Raw data Start Marker

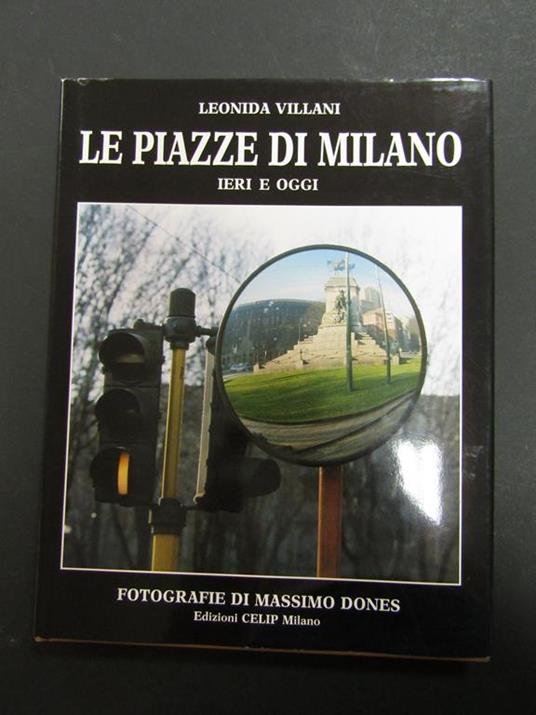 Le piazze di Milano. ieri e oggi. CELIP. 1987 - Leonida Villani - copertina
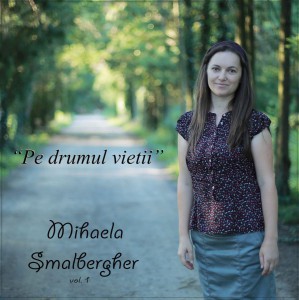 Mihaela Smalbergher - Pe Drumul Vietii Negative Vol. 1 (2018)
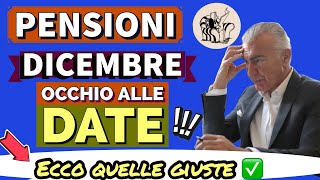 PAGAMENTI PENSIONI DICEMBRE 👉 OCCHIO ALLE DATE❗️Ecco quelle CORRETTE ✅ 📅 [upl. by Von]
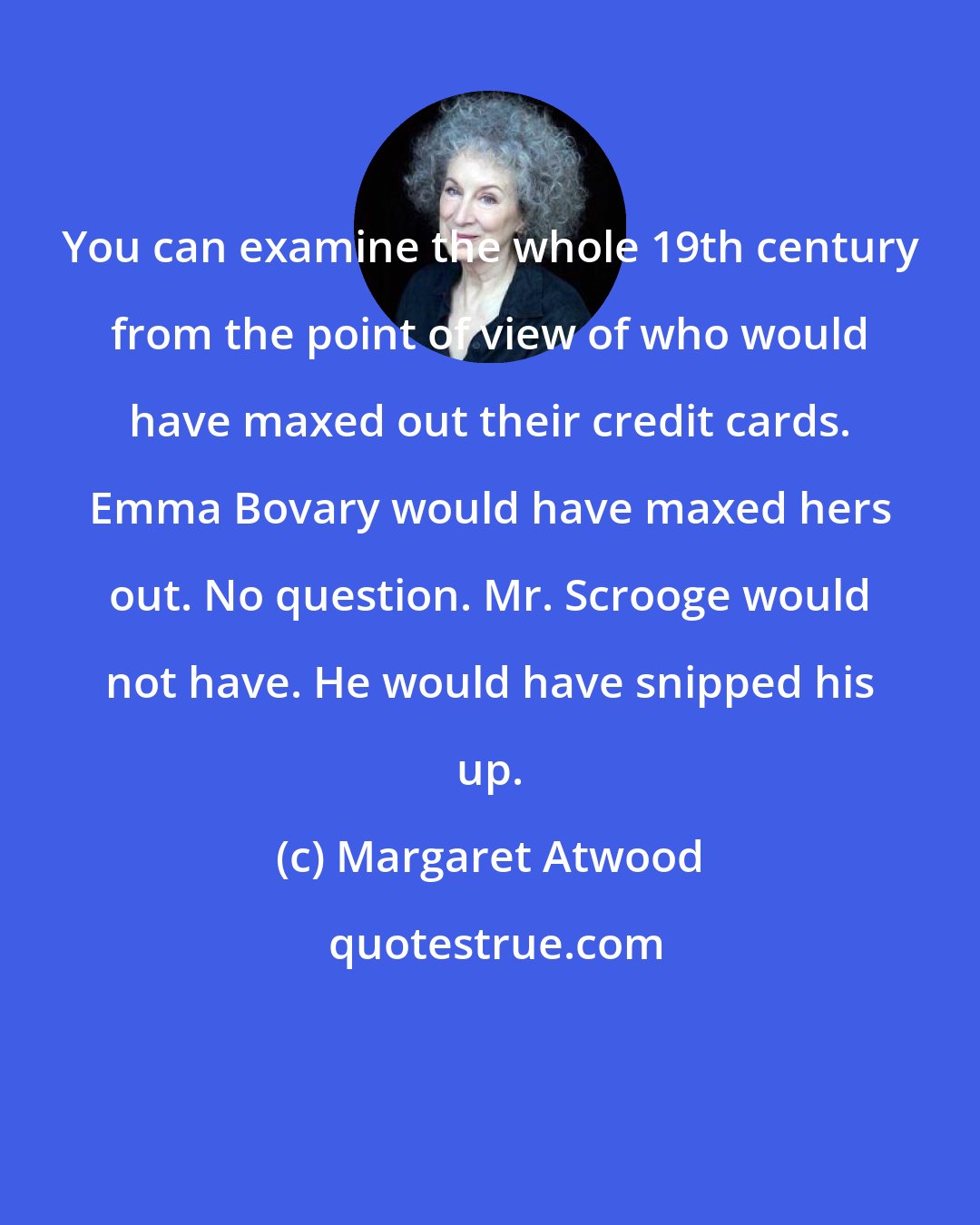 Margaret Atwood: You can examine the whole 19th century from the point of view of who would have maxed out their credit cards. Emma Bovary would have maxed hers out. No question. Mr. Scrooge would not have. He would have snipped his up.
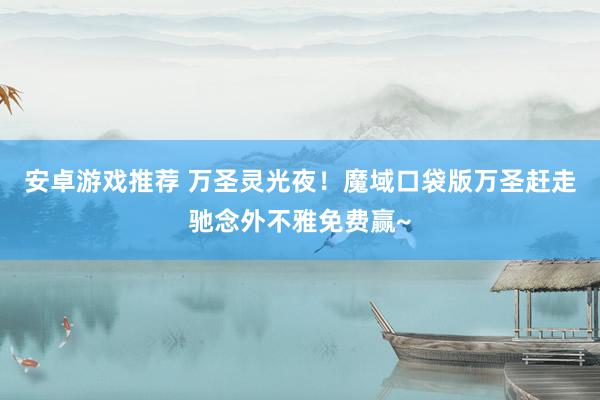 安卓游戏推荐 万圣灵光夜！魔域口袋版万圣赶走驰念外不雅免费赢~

Raw data End Marker

Task to complete » When you set down the records above, copy every line exactly and exclude the pictures.

Written answer »
 Le piazze di Milano. ieri e oggi. CELIP. 1987 - Leonida Villani - copertina
 Mihaela Smalbergher - Pe Drumul Vietii Negative Vol. 1 (2018)
 PAGAMENTI PENSIONI DICEMBRE 👉 OCCHIO ALLE DATE❗️Ecco quelle CORRETTE ✅ 📅 [upl. by Von]
 Margaret Atwood: You can examine the whole 19th century from the point of view of who would have maxed out their credit cards. Emma Bovary would have maxed hers out. No question. Mr. Scrooge would not have. He would have snipped his up.
 安卓游戏推荐 万圣灵光夜！魔域口袋版万圣赶走驰念外不雅免费赢~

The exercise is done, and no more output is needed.